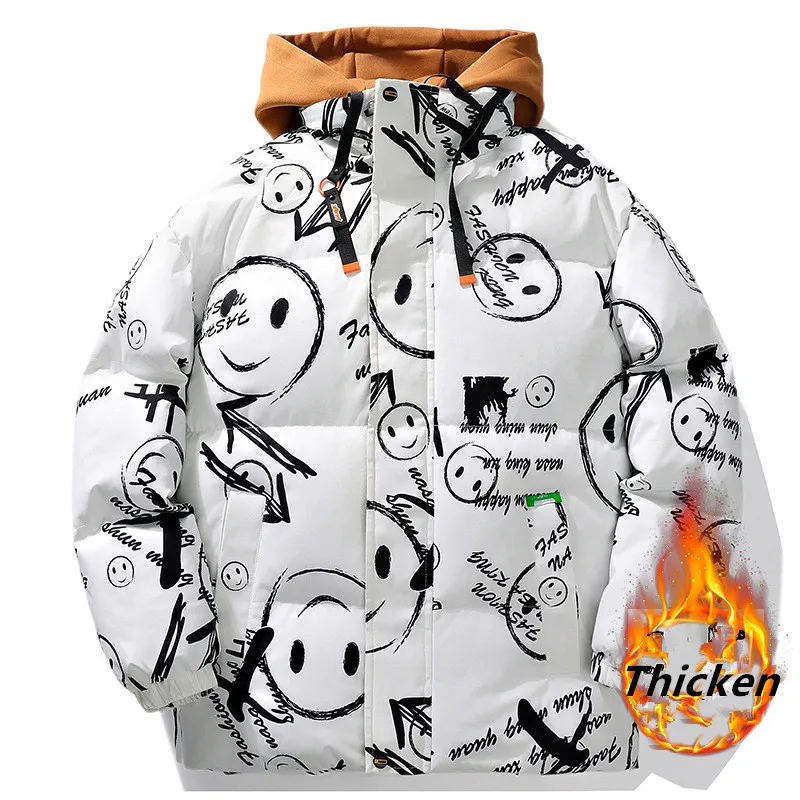 Mới Graffiti Đường Unisex Mùa Đông Dài Mới Ấm Dày Hood Parkas Áo Khoác Choàng Trang Phục Cổ Điển Chống Gió Bỏ Túi Vải Dù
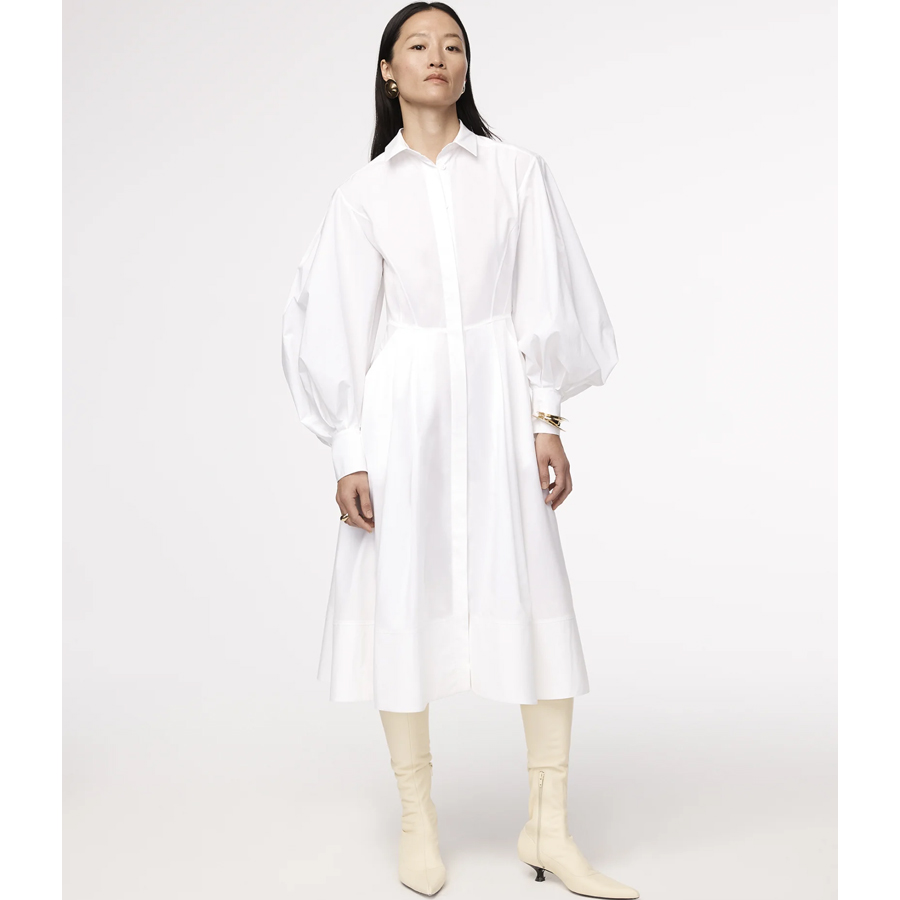Another Tomorrow SEAMED WAIST SHIRT DRESS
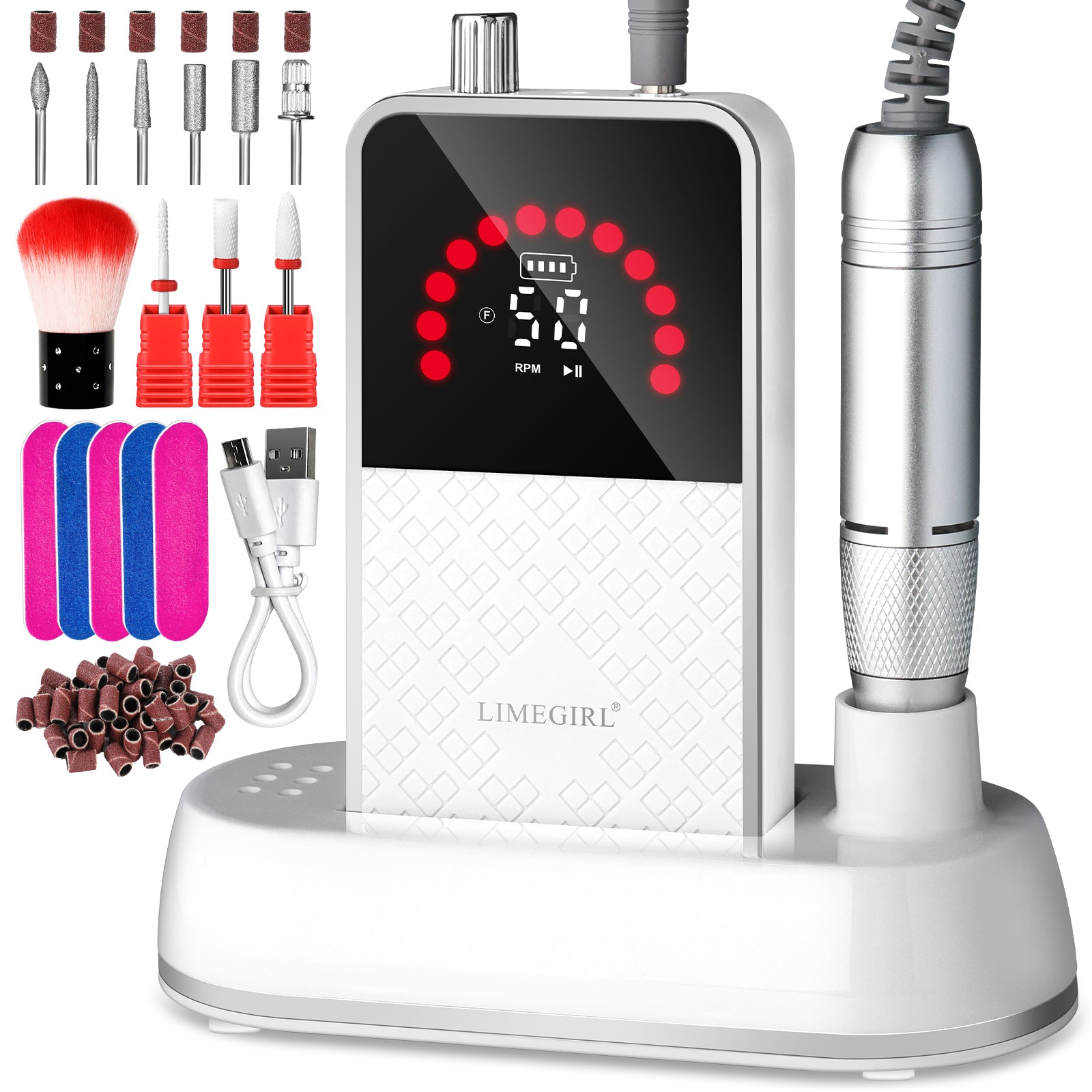 50000RPM Professional Electric Nail File Kit - Rechargeable Cordless Nail Drill For Acrylics Gel Nails, Portable E File Machine With 6 Bits For Home Salon Manicure Pedicure Care - 5 - CJ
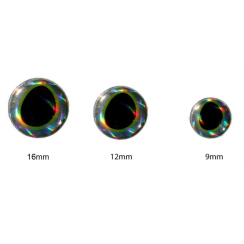 Occhi Tridimensionali FTS Silver - Nero 12mm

++++++

Your objective
Exactly reproduce the lines beginning at the one that contains "Another Tomorrow SEAMED WAIST SHIRT DRESS" and ending at the final line of the material, with the pictures left out.

The answer
Another Tomorrow SEAMED WAIST SHIRT DRESS
 50000RPM Professional Electric Nail File Kit - Rechargeable Cordless Nail Drill For Acrylics Gel Nails, Portable E File Machine With 6 Bits For Home Salon Manicure Pedicure Care - 5 - CJ
 Occhi Tridimensionali FTS Silver - Nero 12mm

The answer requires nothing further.